Newspapers don't speak for their communities, never have


Dear Editor: 

I am writing in response to the JCRC attack editorial against the Heritage published Feb. 21, 2020. The JCRC makes a point of saying that the Heritage “is not supported by or affiliated with any Jewish institution or agency” as if this is something bad. Personally, I think newspapers should be independent.

The JCRC makes a point of saying that the Heritage “does not speak for the Central Florida Jewish community.”  Well, of course not. Does the Orlando Sentinel speak for the Orlando or the central Florida community?

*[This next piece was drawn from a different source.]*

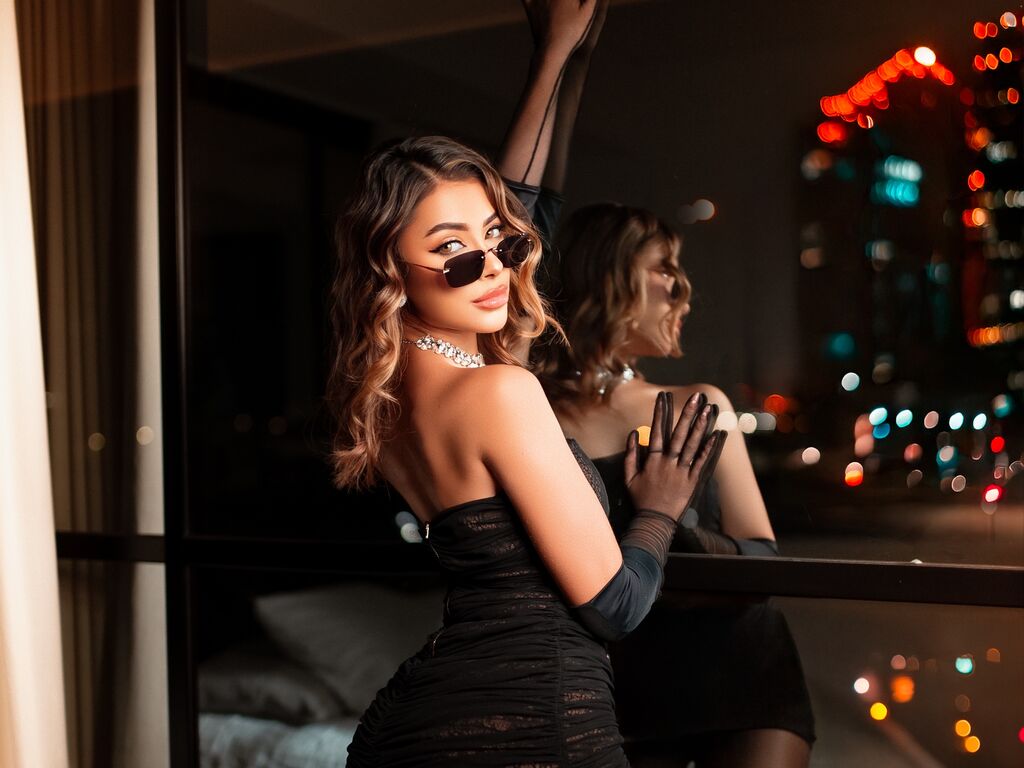 Live stream model ArianaRoux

The JCRC then claims that the Heritage “is widely perceived to be a reflection of our [Jewish] community.” Is it widely perceived that the Orlando Sentinel is a reflection of the Orlando or central Florida community? Is it widely perceived that The Washington Post is a reflection of Washington, or The New York Times a reflection of New York? I do not think so.

As for the JCRC being adamant that there be a clear distinction between “opinion” and “fact” in newspapers, for anyone who reads the Orlando Sentinel, The New York Times, New York Post, The Washington Post, or The Washington Times (just to name a balanced few) realizes that horse left the barn a long time ago.

There are at least 37 central Florida synagogues representing Orthodox, Conservative, Liberal, Progressive and other Jews, and countless other organizations who support Jews in central Florida. There are Jews who are Democrats, Republicans, Socialists, Libertarians and more. The Jewish community of central Florida is VERY diverse. 

No, the Heritage does not “speak” for the Central Florida Jewish community, but neither does the JCRC.